▶ **Pictures with short captions**:
+++

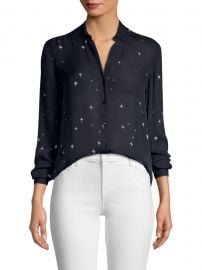 Nina Star-Print Blouse at Saks Fifth Avenue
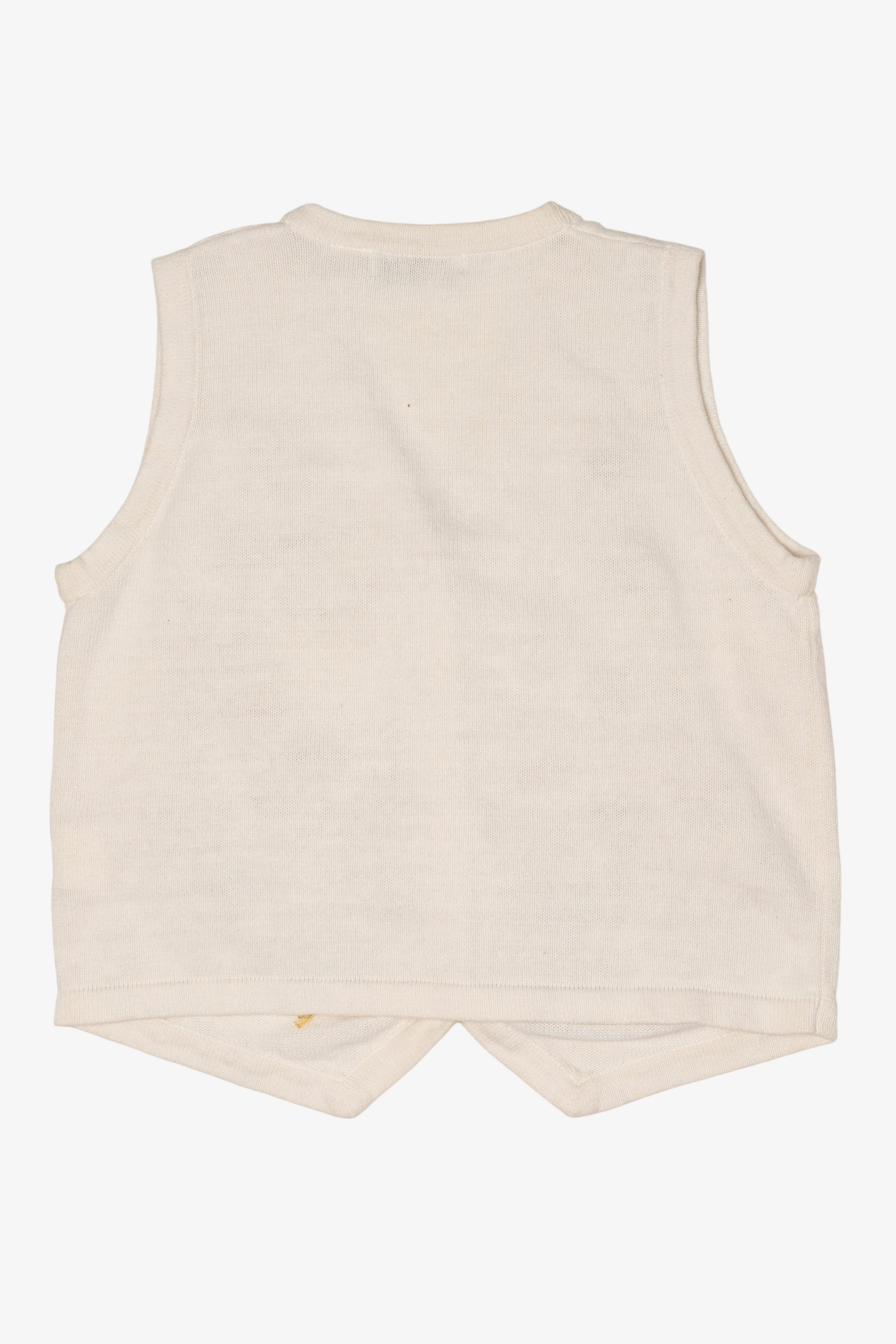 Vintage White Studio Collection Trees Ugly Christmas Vest (1990s)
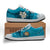 Hawaii Turtle Aumakua Plumeria Low Sneaker - Hipi Style - AH Blue - Polynesian Pride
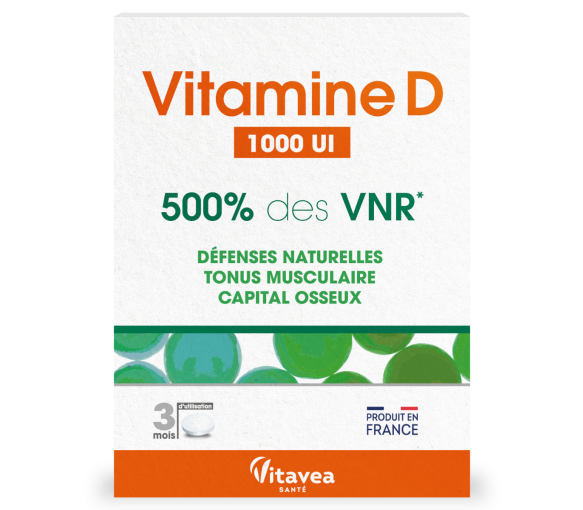 Vitamine D 1000 UI Vitavea - boîte de 90 comprimés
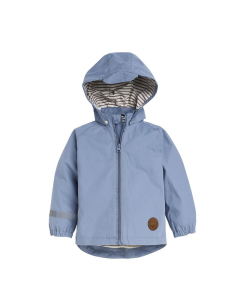 Vindjakke 4 til 8år i økologisk bomull - Blåne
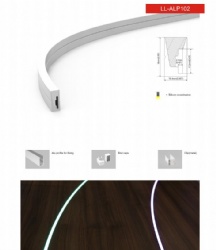 LED Profile Silicon co-extrusion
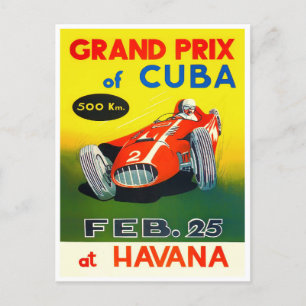 Carte Postale Grand Prix de Cuba de La Havane 1958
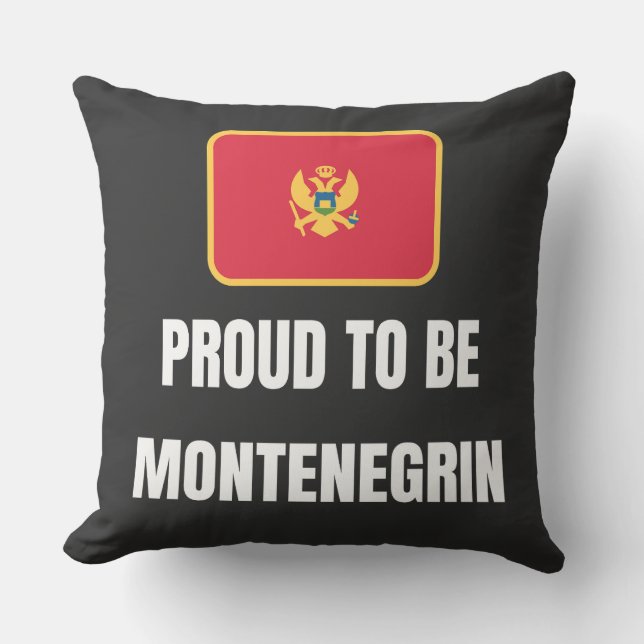 Coussin Fier d'être monténégrin (Recto)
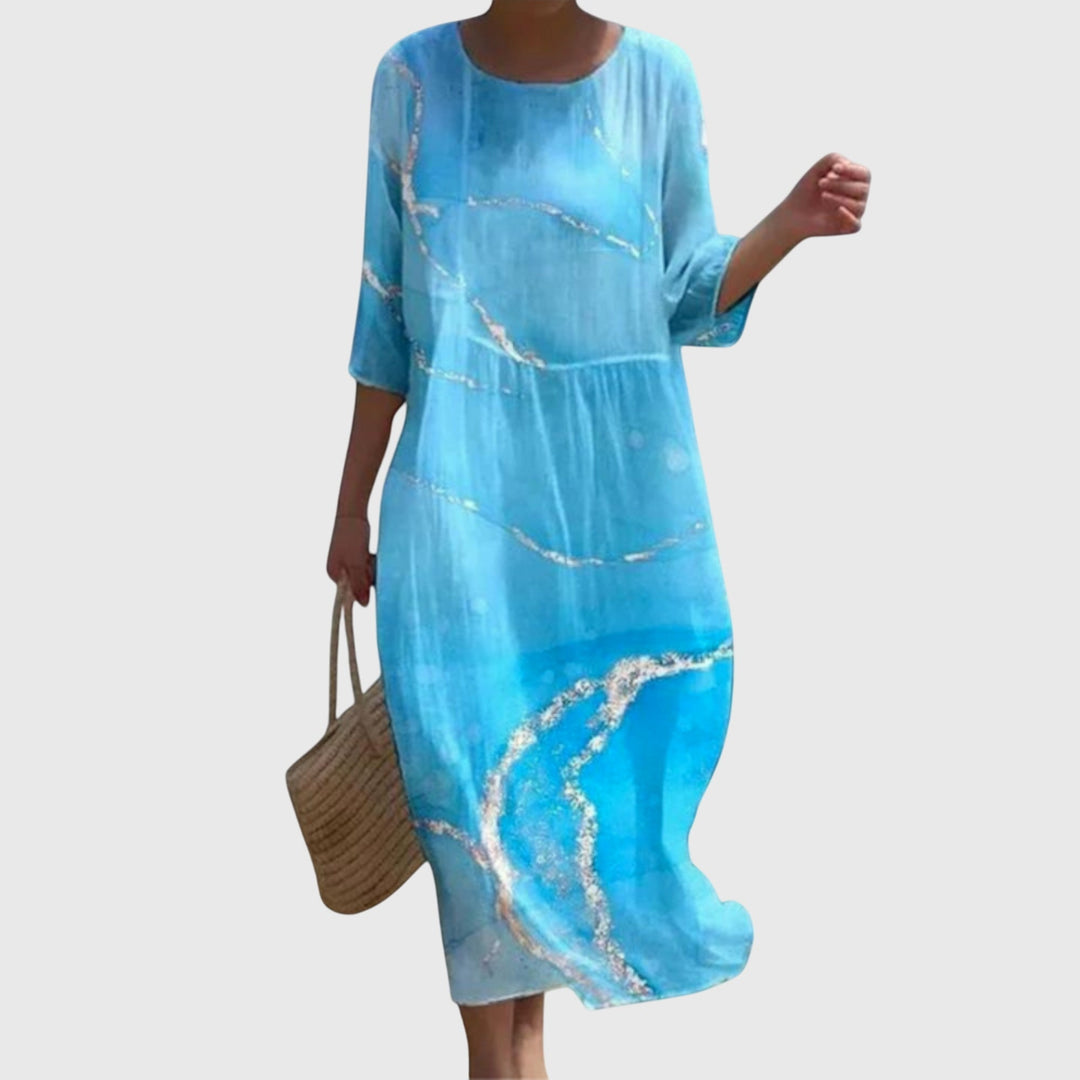 Hayley | Stylowa Kwiatowa Sukienka Maxi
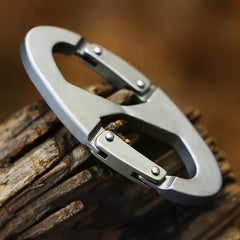 Metal Carabiner Clip Keychain Buckle for Outdoor Camping Hiking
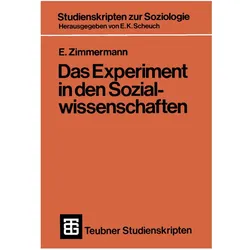 Das Experiment in den Sozialwissenschaften, Fachbücher von Ekkart Zimmermann, E Zimmermann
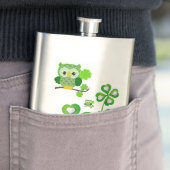 St. Patrick's Day Flask Owl Flacon (Voorbeeld)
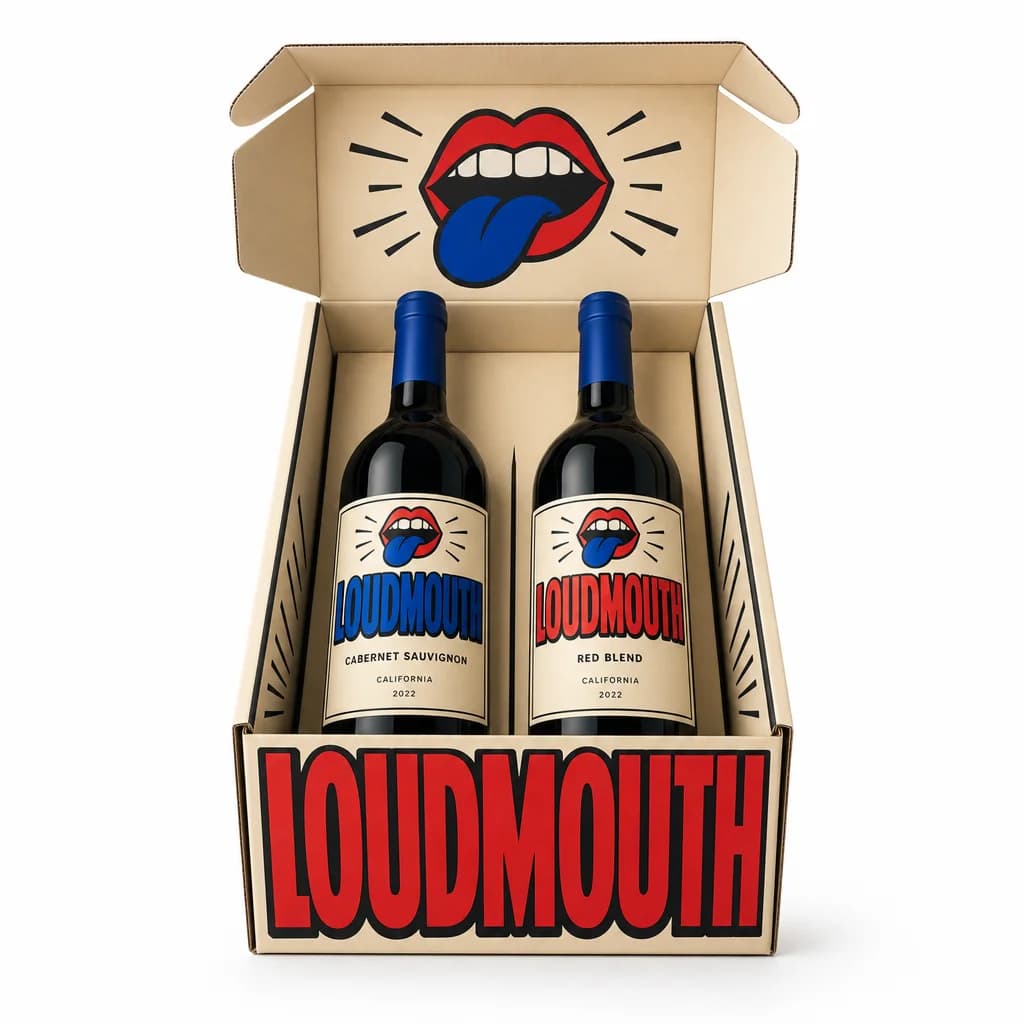 LOUDMOUTH gift box with two bottles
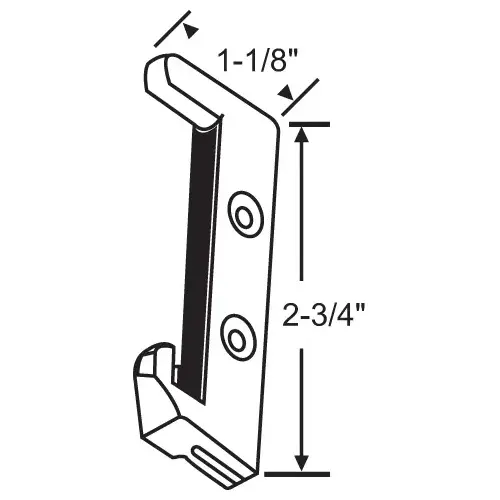 Keeper for Sliding Door pdk 7 jones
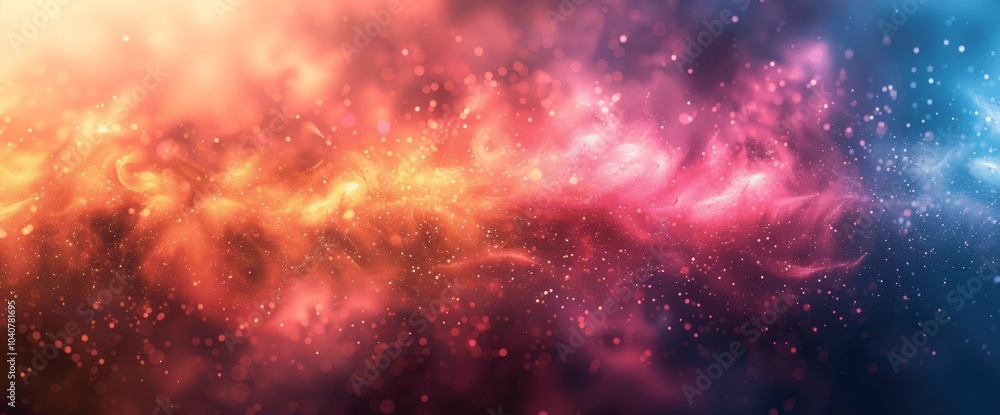 Poster vibrant abstract gradient background with colorful blurred textured effect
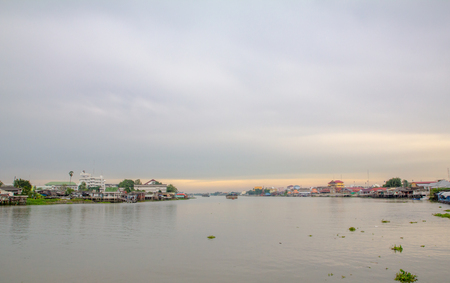 landscape Chao Phraya riverの写真素材
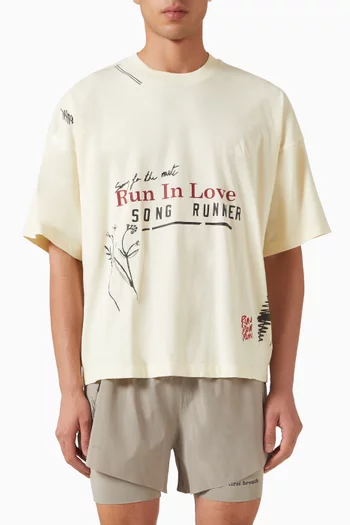 x Song For The Mute T-shirt in Cotton-jersey
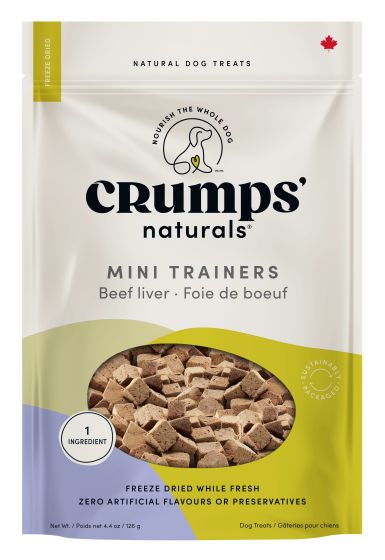 Crumps' Naturals - Mini Trainers - Freeze Dried Beef Liver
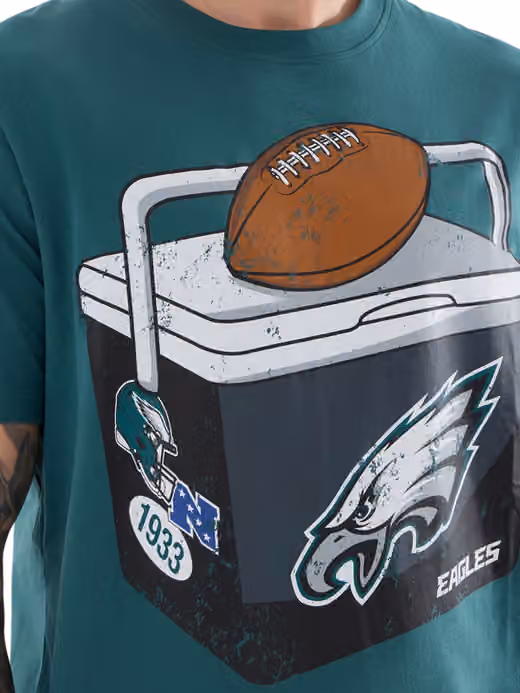 Philadelphia Eagles NFL Training Cooler T-Shirt Green view 3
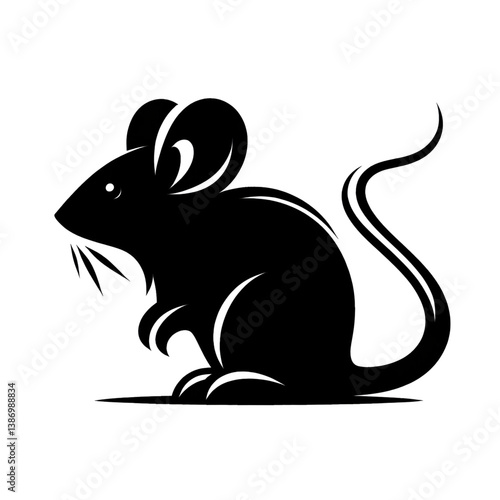 black and white mouse
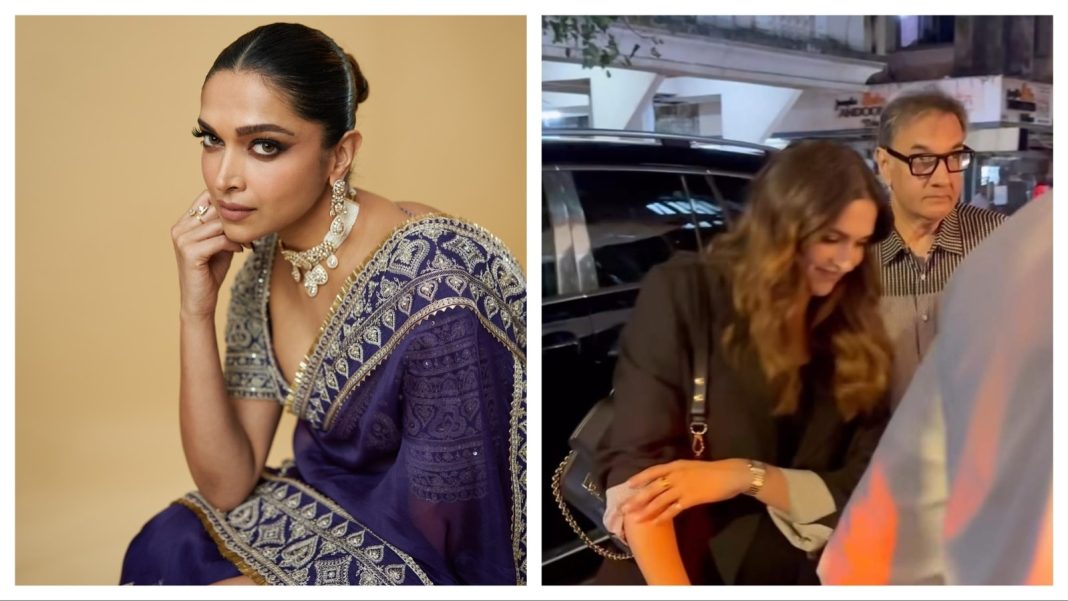 La futura mamá Deepika Padukone disfruta de una cena en Mumbai antes de la fecha prevista del parto.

+++

All that is required is the lines from the line containing "Crumps' Naturals - Mini" through the end of the records above, copied exactly, and none of the pictures.

 Crumps' Naturals - Mini Trainers - Freeze Dried Beef Liver
 Philadelphia Eagles NFL Training Cooler T-Shirt Green view 3
 black and white mouse
 La futura mamá Deepika Padukone disfruta de una cena en Mumbai antes de la fecha prevista del parto.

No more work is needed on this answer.